Our son was born a little over a year ago now. He’s pretty awesome :D Overall, he’s been a fairly easy baby, which is great for me as a new parent, though he’s being a minor terror lately! He’s strong-willed, determined, and has clear opinions on what he wants. I like that. I hope we can raise him to be thoughtful and considerate.

A picture from when he was only a few months old

Approach

I want to be a good parent. I said before that when we’d have children, I’d try to be honest and up-front about my crossdressing. This remains the plan. Children are like sponges, and they’ll soak up your feelings. If you’re open and honest as a parent, they’ll be open and honest too. If you’re secretive and feel shameful about things, they’ll pick up on that and be secretive and be shameful as well. (Ok, these aren’t strictly facts, but come straight from an imaginary book titled “Liz’s Theory On Child-Rearing”. Seems like it makes sense, though). My dad was always pretty closed off, and that ended up being the general tone of our relationship. I don’t want that for my son.

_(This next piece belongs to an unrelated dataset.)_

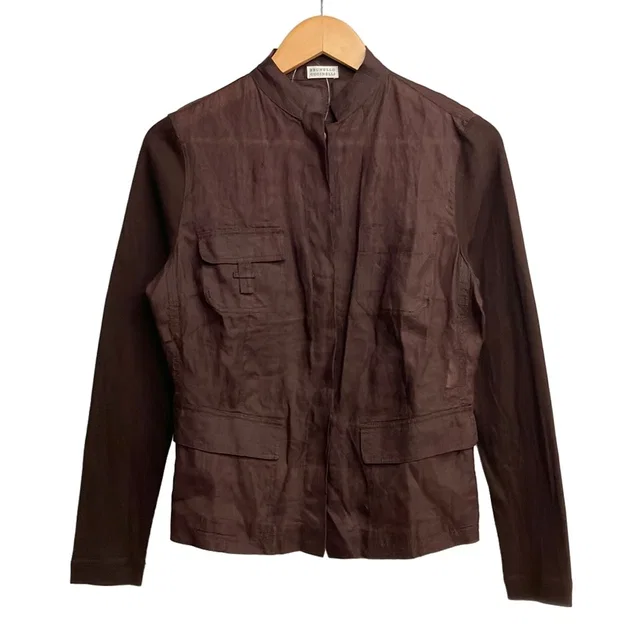 Brunello Cucinelli Long Sleeve Shirt Blouse M Dark Brown 42 in Brown from The Reluxe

My plan is to be open, be honest, not hide anything, and keep dressing. If he has questions, I’ll answer them.
If I want him to be open and honest with me, I have to lead by example. Hiding is a short-term solution – it might avoid an immediate problem, but causes longer-term issues, particularly when you’re accidentally found out. On top of that, there’s also the mental drain it will have on you for years trying to keep it a secret. Keeping a chunk of your personality hidden in the shadows is hard – I’ve done it before, and I never want to go back. If I have to have a conversation with my son when he’s 15 about how I’ve been keeping a secret from him his entire life, I have failed.

Progress

So far it’s been going ok :) It’s easy right now because he’s so young. He’s vaguely starting to form words, and is still growing his mental model of the world. For a little while, he took any change in my appearance badly. The first time I shaved, he screamed at my unbearded-visage. For a little while after that, whenever I had to shave, I had my wife hold him such that he could watch me take the hair off and understand that I was the same person, but beardless. That worked pretty well :D

With respect to dressing, he’s seen me dressed. The first few times, I think he thought I was a completely different person, and was a bit reticent. One time I assumed he knew it was me, because he laughed :D Another time I dressed around him, he was wary again.

I try not to take it personally – I know it’s purely because his brain is still developing, and that humans aren’t designed to cope with people who make drastic changes to their appearance. Babies certainly aren’t. I am hopeful for the day I get home from work on a day where I’d been dressing up, and he recognises me and is happy to see me like he usually is when I get home. (“Happy” might be an understatement, given that now when I get home after work, he tends to run around excitedly screaming :D)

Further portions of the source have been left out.